- Assignment
Reproduce, please, only the lines from the first line below to the line containing "Nhận định Al-Riyadh", inclusive.

Short text fragments from websites

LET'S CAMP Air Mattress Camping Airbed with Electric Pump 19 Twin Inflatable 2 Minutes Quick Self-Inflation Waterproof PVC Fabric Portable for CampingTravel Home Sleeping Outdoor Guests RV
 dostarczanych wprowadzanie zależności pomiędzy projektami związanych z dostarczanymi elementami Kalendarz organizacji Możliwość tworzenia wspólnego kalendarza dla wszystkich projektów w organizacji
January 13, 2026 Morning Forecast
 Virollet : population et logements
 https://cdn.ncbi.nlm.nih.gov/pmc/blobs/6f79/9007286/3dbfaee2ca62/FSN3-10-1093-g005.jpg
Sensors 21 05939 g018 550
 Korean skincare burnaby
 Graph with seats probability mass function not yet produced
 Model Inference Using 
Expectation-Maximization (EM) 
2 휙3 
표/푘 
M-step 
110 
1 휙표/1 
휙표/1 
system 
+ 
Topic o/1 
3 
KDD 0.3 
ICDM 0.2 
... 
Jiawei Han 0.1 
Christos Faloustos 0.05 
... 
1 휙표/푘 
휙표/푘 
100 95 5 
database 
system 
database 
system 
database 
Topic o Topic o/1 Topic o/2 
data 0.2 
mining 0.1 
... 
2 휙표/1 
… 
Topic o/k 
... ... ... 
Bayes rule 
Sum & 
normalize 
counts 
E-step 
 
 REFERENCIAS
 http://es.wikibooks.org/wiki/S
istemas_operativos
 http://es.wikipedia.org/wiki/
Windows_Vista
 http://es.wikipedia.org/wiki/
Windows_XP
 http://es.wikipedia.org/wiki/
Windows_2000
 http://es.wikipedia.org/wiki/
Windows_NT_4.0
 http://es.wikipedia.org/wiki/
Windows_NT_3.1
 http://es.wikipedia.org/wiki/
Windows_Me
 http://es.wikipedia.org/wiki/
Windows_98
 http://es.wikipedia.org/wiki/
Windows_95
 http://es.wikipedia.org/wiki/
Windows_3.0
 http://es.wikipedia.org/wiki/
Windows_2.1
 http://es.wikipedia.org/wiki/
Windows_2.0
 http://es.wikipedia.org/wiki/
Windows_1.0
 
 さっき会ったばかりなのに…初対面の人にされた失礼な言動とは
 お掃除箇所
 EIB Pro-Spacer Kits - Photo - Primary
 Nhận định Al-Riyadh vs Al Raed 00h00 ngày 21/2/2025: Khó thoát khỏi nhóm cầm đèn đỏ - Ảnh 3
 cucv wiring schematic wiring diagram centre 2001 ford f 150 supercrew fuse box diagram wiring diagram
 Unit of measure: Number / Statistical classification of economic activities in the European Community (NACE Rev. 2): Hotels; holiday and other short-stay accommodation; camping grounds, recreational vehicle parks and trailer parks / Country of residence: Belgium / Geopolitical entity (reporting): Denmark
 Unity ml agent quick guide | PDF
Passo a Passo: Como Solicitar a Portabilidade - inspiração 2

- Answer space
LET'S CAMP Air Mattress Camping Airbed with Electric Pump 19 Twin Inflatable 2 Minutes Quick Self-Inflation Waterproof PVC Fabric Portable for CampingTravel Home Sleeping Outdoor Guests RV
 dostarczanych wprowadzanie zależności pomiędzy projektami związanych z dostarczanymi elementami Kalendarz organizacji Możliwość tworzenia wspólnego kalendarza dla wszystkich projektów w organizacji
January 13, 2026 Morning Forecast
 Virollet : population et logements
 https://cdn.ncbi.nlm.nih.gov/pmc/blobs/6f79/9007286/3dbfaee2ca62/FSN3-10-1093-g005.jpg
Sensors 21 05939 g018 550
 Korean skincare burnaby
 Graph with seats probability mass function not yet produced
 Model Inference Using 
Expectation-Maximization (EM) 
2 휙3 
표/푘 
M-step 
110 
1 휙표/1 
휙표/1 
system 
+ 
Topic o/1 
3 
KDD 0.3 
ICDM 0.2 
... 
Jiawei Han 0.1 
Christos Faloustos 0.05 
... 
1 휙표/푘 
휙표/푘 
100 95 5 
database 
system 
database 
system 
database 
Topic o Topic o/1 Topic o/2 
data 0.2 
mining 0.1 
... 
2 휙표/1 
… 
Topic o/k 
... ... ... 
Bayes rule 
Sum & 
normalize 
counts 
E-step 
 
 REFERENCIAS
 http://es.wikibooks.org/wiki/S
istemas_operativos
 http://es.wikipedia.org/wiki/
Windows_Vista
 http://es.wikipedia.org/wiki/
Windows_XP
 http://es.wikipedia.org/wiki/
Windows_2000
 http://es.wikipedia.org/wiki/
Windows_NT_4.0
 http://es.wikipedia.org/wiki/
Windows_NT_3.1
 http://es.wikipedia.org/wiki/
Windows_Me
 http://es.wikipedia.org/wiki/
Windows_98
 http://es.wikipedia.org/wiki/
Windows_95
 http://es.wikipedia.org/wiki/
Windows_3.0
 http://es.wikipedia.org/wiki/
Windows_2.1
 http://es.wikipedia.org/wiki/
Windows_2.0
 http://es.wikipedia.org/wiki/
Windows_1.0
 
 さっき会ったばかりなのに…初対面の人にされた失礼な言動とは
 お掃除箇所
 EIB Pro-Spacer Kits - Photo - Primary
 Nhận định Al-Riyadh vs Al Raed 00h00 ngày 21/2/2025: Khó thoát khỏi nhóm cầm đèn đỏ - Ảnh 3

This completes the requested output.